#### Task objective
Once the line containing "سنگهای قیمتی گوهر" is located, give it again exactly, together with each line that follows it to the end of the entries, and add nothing else.

#### Extracted data

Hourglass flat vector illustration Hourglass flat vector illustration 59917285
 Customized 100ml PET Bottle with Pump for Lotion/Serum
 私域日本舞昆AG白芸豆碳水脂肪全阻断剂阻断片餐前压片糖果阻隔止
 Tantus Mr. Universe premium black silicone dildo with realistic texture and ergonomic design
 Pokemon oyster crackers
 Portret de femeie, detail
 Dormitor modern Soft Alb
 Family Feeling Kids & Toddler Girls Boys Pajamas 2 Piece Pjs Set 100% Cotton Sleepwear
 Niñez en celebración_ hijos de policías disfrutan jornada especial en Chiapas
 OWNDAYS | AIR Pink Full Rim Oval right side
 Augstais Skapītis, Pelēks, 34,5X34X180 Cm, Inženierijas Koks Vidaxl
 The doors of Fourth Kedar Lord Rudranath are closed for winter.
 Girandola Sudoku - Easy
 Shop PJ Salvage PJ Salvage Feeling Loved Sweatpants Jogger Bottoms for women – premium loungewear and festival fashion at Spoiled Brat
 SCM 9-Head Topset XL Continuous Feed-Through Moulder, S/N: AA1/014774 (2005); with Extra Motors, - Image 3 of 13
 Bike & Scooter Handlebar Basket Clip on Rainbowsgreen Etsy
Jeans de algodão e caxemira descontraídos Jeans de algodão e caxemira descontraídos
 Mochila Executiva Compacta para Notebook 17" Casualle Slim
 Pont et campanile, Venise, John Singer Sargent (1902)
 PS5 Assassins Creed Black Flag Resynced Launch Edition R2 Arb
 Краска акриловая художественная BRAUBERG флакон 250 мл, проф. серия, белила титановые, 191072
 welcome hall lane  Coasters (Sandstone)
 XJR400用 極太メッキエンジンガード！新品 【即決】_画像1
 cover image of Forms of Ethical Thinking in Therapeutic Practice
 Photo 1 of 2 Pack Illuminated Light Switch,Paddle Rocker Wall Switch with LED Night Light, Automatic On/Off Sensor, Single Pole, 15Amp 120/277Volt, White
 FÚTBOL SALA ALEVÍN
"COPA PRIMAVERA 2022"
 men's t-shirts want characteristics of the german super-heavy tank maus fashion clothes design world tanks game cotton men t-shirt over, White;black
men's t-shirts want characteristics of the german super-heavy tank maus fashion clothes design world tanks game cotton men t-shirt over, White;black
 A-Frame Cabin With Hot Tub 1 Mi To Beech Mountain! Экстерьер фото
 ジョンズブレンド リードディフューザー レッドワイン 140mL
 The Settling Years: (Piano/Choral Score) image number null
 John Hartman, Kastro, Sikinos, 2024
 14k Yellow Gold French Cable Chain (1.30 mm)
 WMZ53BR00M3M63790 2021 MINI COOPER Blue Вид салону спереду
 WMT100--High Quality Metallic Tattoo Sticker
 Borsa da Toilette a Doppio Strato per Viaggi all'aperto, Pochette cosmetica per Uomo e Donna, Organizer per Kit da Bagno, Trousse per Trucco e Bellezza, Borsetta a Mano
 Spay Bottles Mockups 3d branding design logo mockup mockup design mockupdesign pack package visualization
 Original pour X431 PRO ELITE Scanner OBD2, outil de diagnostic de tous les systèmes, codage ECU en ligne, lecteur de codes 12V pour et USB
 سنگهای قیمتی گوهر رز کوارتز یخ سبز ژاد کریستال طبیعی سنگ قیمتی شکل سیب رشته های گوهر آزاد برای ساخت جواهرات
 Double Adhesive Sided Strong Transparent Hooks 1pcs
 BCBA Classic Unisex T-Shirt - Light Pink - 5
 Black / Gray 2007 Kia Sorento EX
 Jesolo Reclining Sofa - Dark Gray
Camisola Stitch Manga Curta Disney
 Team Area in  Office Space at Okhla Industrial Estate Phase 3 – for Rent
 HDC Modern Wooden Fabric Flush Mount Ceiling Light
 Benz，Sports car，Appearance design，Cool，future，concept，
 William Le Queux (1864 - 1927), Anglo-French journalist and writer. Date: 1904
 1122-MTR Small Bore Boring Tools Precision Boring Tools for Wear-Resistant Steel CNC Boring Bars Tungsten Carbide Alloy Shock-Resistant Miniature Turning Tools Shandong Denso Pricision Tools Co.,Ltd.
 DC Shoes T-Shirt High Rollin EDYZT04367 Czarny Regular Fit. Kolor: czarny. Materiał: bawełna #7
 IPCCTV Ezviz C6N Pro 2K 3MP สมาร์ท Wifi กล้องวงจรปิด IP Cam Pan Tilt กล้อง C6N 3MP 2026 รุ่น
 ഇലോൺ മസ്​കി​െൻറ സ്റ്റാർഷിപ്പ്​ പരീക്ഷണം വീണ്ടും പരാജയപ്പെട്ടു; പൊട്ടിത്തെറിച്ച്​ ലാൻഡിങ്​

#### Your response
 سنگهای قیمتی گوهر رز کوارتز یخ سبز ژاد کریستال طبیعی سنگ قیمتی شکل سیب رشته های گوهر آزاد برای ساخت جواهرات
 Double Adhesive Sided Strong Transparent Hooks 1pcs
 BCBA Classic Unisex T-Shirt - Light Pink - 5
 Black / Gray 2007 Kia Sorento EX
 Jesolo Reclining Sofa - Dark Gray
Camisola Stitch Manga Curta Disney
 Team Area in  Office Space at Okhla Industrial Estate Phase 3 – for Rent
 HDC Modern Wooden Fabric Flush Mount Ceiling Light
 Benz，Sports car，Appearance design，Cool，future，concept，
 William Le Queux (1864 - 1927), Anglo-French journalist and writer. Date: 1904
 1122-MTR Small Bore Boring Tools Precision Boring Tools for Wear-Resistant Steel CNC Boring Bars Tungsten Carbide Alloy Shock-Resistant Miniature Turning Tools Shandong Denso Pricision Tools Co.,Ltd.
 DC Shoes T-Shirt High Rollin EDYZT04367 Czarny Regular Fit. Kolor: czarny. Materiał: bawełna #7
 IPCCTV Ezviz C6N Pro 2K 3MP สมาร์ท Wifi กล้องวงจรปิด IP Cam Pan Tilt กล้อง C6N 3MP 2026 รุ่น
 ഇലോൺ മസ്​കി​െൻറ സ്റ്റാർഷിപ്പ്​ പരീക്ഷണം വീണ്ടും പരാജയപ്പെട്ടു; പൊട്ടിത്തെറിച്ച്​ ലാൻഡിങ്​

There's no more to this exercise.